China. Unlike the many grandstanding racist nincompoops in Congress, who can always be counted upon to thump a table and prattle on about the threat from "Red China" if votes or weapons contracts are at stake, Johnson recognizes that China has been a capitalist country since Deng's economic reforms--even if it hasn't adopted Anglo-Saxon "laissez-faire" capitalism. As such, Johnson argues, Amerika should deal with it as any other capitalist competitor and not as an implacable ideological enemy. Saber rattling over Taiwan, bombing Chinese embassies, promising to keep troops in Korea even after reunification, etc.--all these things make war with China in the short- term more likely, not less.

Like Bruce Cumings, who sees economic cooperation between north and south Korea as the path towards peace and reunification,(2) Johnson sees economic cooperation between China and Taiwan as the best guarantor of peace and prosperity. There is some truth to this--certainly Johnson is correct that Amerikan military and economic intervention provides the biggest impetus towards war in the region.

However, again like Cumings, Johnson overestimates the ability of the south Korean or Taiwanese economic model to bring development and prosperity to larger and larger areas. Johnson correctly argues that the relative successes of the Japanese, Taiwanese, and south Korean economies depended on subsidies from the United $tates and access to its markets.

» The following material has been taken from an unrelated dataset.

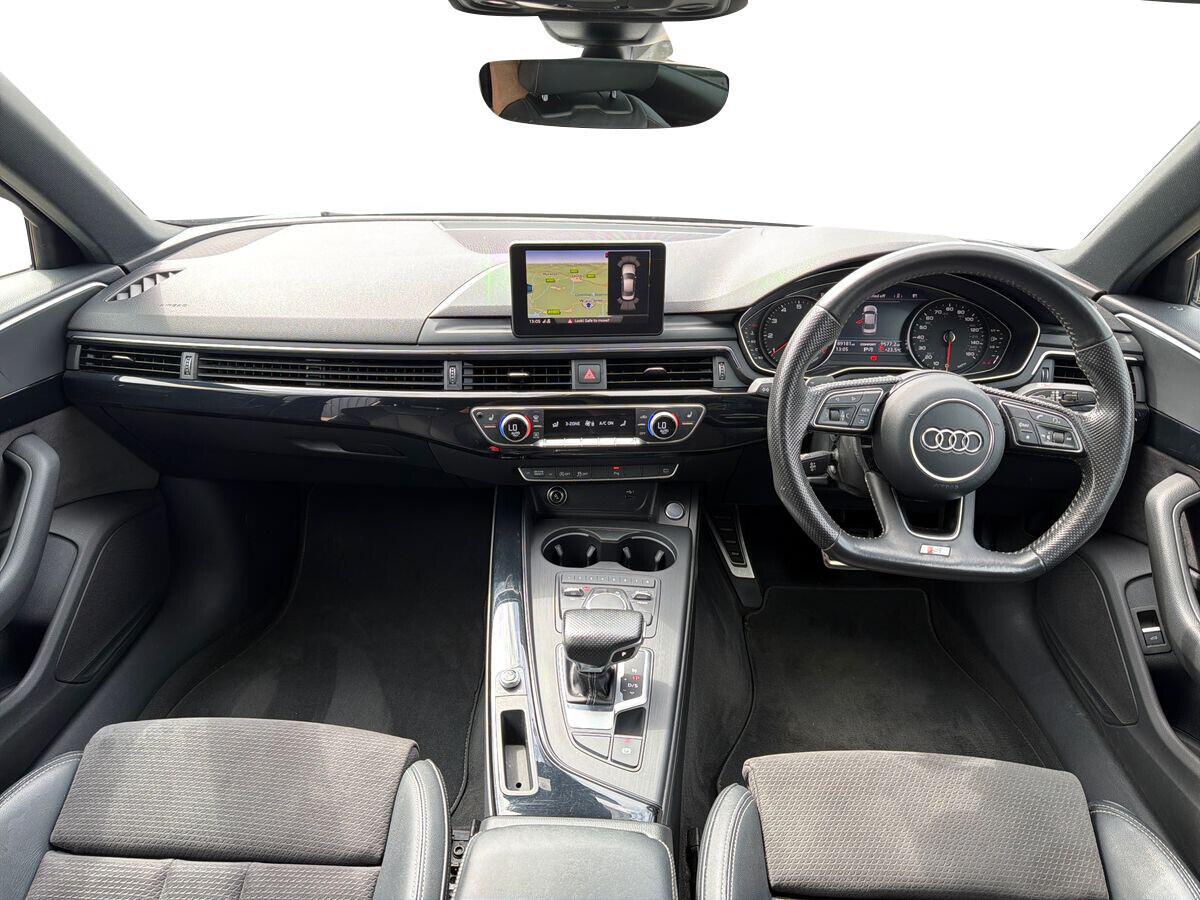 Audi A4 - Image 18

He also correctly notes that "China's products will never enjoy the virtually unrestricted access to the American market and its sources of technology that Japan and others enjoyed in exchange for their support during the Cold War."(p. 146) He does not put these two points together to reach the correct conclusion, namely, the Taiwanese path is not open to China--or just about any other "developing" Third World country. The U.$. economy, as big as it is, can only absorb a fraction of the world's exports

Johnson admires both the Chinese revolution of 1949 and Deng's capitalist reforms--consistent with the aspirations of the national bourgeoisie--while he despises Mao. He repeats some of the more hyperbolic slanders against the Maoists in China, which aren't worth rebutting here. Instead, we direct readers to our critiques of "The Black Book of Communism,"(3) our classic essay "Myths about Mao,"(4) and our Tibet FAQ page.(5)

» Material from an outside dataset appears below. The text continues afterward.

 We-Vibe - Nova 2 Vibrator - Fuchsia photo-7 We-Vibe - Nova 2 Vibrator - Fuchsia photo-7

As for Johnson's rosy perspective on capitalism in China, we'll make two quick comments. First, an increase in GDP does not mean the standard of living for the broad masses is improving. Social problems such as unemployment, prostitution, and drug abuse, absent in socialist China, have returned. Johnson himself writes, "An estimated one hundred million people [ca. 8% of the Chinese population], more than the entire population of Mexico, are now adrift in China, largely migrants from the interior looking for work in rich coastal areas."(p. 152) Second, capitalist economies are trapped in the boom-bust cycle. Present growth cannot be extrapolated indefinitely. Readers interested in a detailed critique of Deng's economic reforms should check out "The Political Economy of Counterrevolution in China," available from MIM.

Indonesia. Johnson uses Indonesia as a case study in how the Amerikan military's "joint training" programs amount "to little more than instruction in state terrorism."(pp. 72-84) He discusses the violence that proceeded the ouster of Suharto in some detail, arguing that "much of the violence had been organized and deliberately provoked by the armed forces, probably in order to create the enough of the look of chaos to make a military coup seem a plausible and acceptable step."(p. 76) In particular, the military covertly organized simultaneous attacks on "forty different Chinese-owned shopping malls spread around more than twenty-five kilometers... The Indonesian scholar Ariel Heryanto has observed that [these events] were not 'racially motivated mass riots' but 'racialized state terrorism.'"(pp. 81-82) This happened less than a year after Indonesian special forces "received twenty-six days of American instruction in 'military operations in urban terrain.'"(p. 78)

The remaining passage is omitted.